Exercise brief:
Please take the records that follow and repeat exactly the lines starting with the line with "media/Nov-15-2024-CVMA Friday Practice" and going on through the line with "ventilator cooler master".

Records for processing:
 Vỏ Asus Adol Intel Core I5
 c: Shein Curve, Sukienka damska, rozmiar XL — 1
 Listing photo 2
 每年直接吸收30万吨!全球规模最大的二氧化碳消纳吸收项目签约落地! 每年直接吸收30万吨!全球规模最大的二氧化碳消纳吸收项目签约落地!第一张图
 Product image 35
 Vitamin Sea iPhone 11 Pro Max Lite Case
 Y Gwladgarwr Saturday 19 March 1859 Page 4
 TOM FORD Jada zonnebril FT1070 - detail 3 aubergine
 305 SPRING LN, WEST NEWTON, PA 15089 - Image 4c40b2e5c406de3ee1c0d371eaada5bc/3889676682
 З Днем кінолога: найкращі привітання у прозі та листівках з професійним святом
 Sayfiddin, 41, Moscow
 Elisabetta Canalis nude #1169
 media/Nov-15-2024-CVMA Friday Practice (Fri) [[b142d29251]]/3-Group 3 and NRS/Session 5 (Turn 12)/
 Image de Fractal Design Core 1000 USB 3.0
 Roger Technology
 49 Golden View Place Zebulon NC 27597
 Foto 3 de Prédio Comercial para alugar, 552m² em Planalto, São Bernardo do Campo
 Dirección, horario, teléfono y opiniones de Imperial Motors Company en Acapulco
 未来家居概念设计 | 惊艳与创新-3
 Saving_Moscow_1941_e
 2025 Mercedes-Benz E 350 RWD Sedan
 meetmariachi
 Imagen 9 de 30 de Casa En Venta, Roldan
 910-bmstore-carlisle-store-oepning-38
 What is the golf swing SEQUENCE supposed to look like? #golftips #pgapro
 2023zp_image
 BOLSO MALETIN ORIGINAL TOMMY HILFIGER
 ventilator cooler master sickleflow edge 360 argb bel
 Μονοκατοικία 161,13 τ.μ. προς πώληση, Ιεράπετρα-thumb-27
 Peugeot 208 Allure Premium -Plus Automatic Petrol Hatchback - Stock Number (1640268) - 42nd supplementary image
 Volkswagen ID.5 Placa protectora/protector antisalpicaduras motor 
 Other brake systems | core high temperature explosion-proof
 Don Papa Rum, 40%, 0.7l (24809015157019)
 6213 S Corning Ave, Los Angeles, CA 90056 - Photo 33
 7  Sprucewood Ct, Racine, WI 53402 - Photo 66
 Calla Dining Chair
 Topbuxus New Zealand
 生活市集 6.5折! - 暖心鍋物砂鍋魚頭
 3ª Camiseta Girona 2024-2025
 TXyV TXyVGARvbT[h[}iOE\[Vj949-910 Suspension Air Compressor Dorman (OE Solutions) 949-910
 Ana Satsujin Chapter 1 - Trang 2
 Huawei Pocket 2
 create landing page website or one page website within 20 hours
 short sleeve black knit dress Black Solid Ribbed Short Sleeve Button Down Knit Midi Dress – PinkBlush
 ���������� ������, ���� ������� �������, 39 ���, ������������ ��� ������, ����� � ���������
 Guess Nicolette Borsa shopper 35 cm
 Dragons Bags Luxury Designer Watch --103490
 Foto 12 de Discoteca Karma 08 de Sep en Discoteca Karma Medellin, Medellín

Exercise response:
 media/Nov-15-2024-CVMA Friday Practice (Fri) [[b142d29251]]/3-Group 3 and NRS/Session 5 (Turn 12)/
 Image de Fractal Design Core 1000 USB 3.0
 Roger Technology
 49 Golden View Place Zebulon NC 27597
 Foto 3 de Prédio Comercial para alugar, 552m² em Planalto, São Bernardo do Campo
 Dirección, horario, teléfono y opiniones de Imperial Motors Company en Acapulco
 未来家居概念设计 | 惊艳与创新-3
 Saving_Moscow_1941_e
 2025 Mercedes-Benz E 350 RWD Sedan
 meetmariachi
 Imagen 9 de 30 de Casa En Venta, Roldan
 910-bmstore-carlisle-store-oepning-38
 What is the golf swing SEQUENCE supposed to look like? #golftips #pgapro
 2023zp_image
 BOLSO MALETIN ORIGINAL TOMMY HILFIGER
 ventilator cooler master sickleflow edge 360 argb bel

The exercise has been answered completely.